Netflix CEO Reed Hastings recently announced their plans to spend $6-7 billion on original programming for the upcoming year. This budget is not only six times larger than Apple’s planned spending in the next year, but it also exceeds that of competitors such as HBO, Amazon and Hulu. For the last decade, Netflix has paid other companies to license their content, usually after it came out in movie theaters. By creating its own programs, the company bypasses competition from other media companies and creates their own rules regarding genre, language, episode length. Devan Coggan, correspondent at Entertainment Weekly, believes the large budget will benefit Netflix from a business standpoint.

“They don’t have to keep renewing licenses and negotiating with Disney or television studios,” Coggan said. “They can fund creators no one has heard of, such as the Duffer brothers, the minds behind ‘Stranger Things,’ and get a huge hit. They’re being creative and taking risks in a way that’s really interesting.”

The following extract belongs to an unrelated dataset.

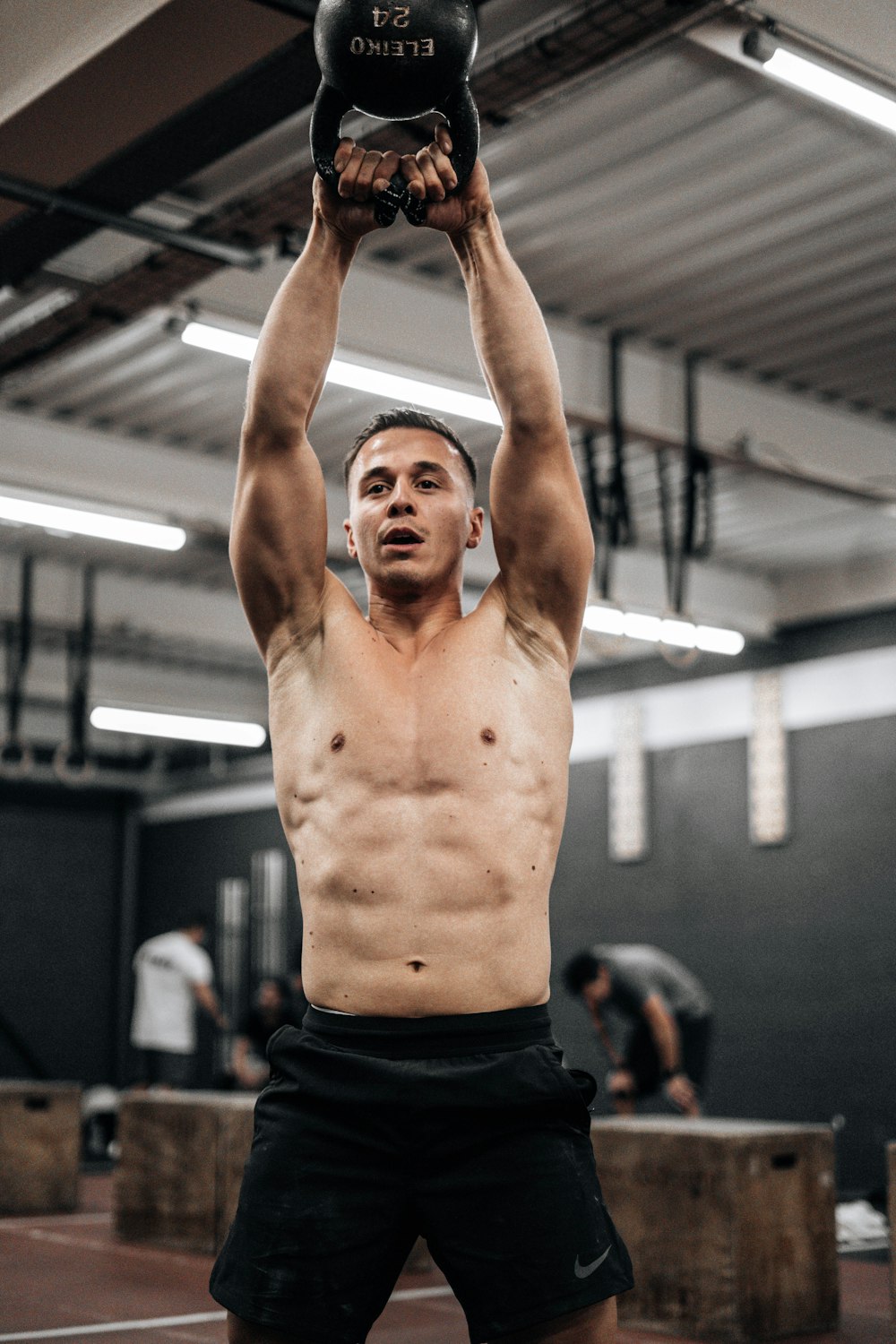 a shirtless man holding a kettle in a gym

“Stranger Things” and other Netflix original shows such as “House of Cards,” “Orange is the New Black”, and “Master of None” have received extensive recognition. Other streaming services such as Amazon and Hulu have also released their own content. Coggan predicts because every media company is producing their own content, the common household will have to sign up for dozens of streaming services if they want to watch Disney movies, Universal movies, Warner Brothers movies, and more from each separate company.

“I’m worried we’re going to see fractional divides,” Coggan said. “You’ll only be able to watch Netflix-owned movies on Netflix and the costs will add up to an unreasonable amount.”

As various streaming services become more prevalent in today’s world, methods in which we receive our entertainment are rapidly developing. The recent concept of binge-watching is now commonplace. Releases of entire seasons all at once become a big event, erasing the old-school method of letting a story unfold week by week and destroying the viewers’ ability to converse and theorize. Lilly Schlarman, junior, along with 85.29 percent (174/204) of KHS students, prefers binge-watching to weekly network programs .

“I like having access to all the episodes at once,” Schlarman said. “The plot is easier to follow and the character development can be more complex without being too confusing.”

Recent developments in television bring light to the fact that as we transition to a different medium, the art itself changes. Without a set of rules, there is no limit to how outlandish television series and movies can become. As it continues to draw more attention, Netflix is expected to report a more than 25 percent increase in sales for 2017 according to CNN. Through original series and movies, Netflix hopes to draw in more. As of now, 86.60 percent (181/209) of KHS students have a Netflix subscription in their home.

“We’re living in a really interesting period of time,” Coggan said. “Culture is changing quickly and the near future holds a lot of unknowns.”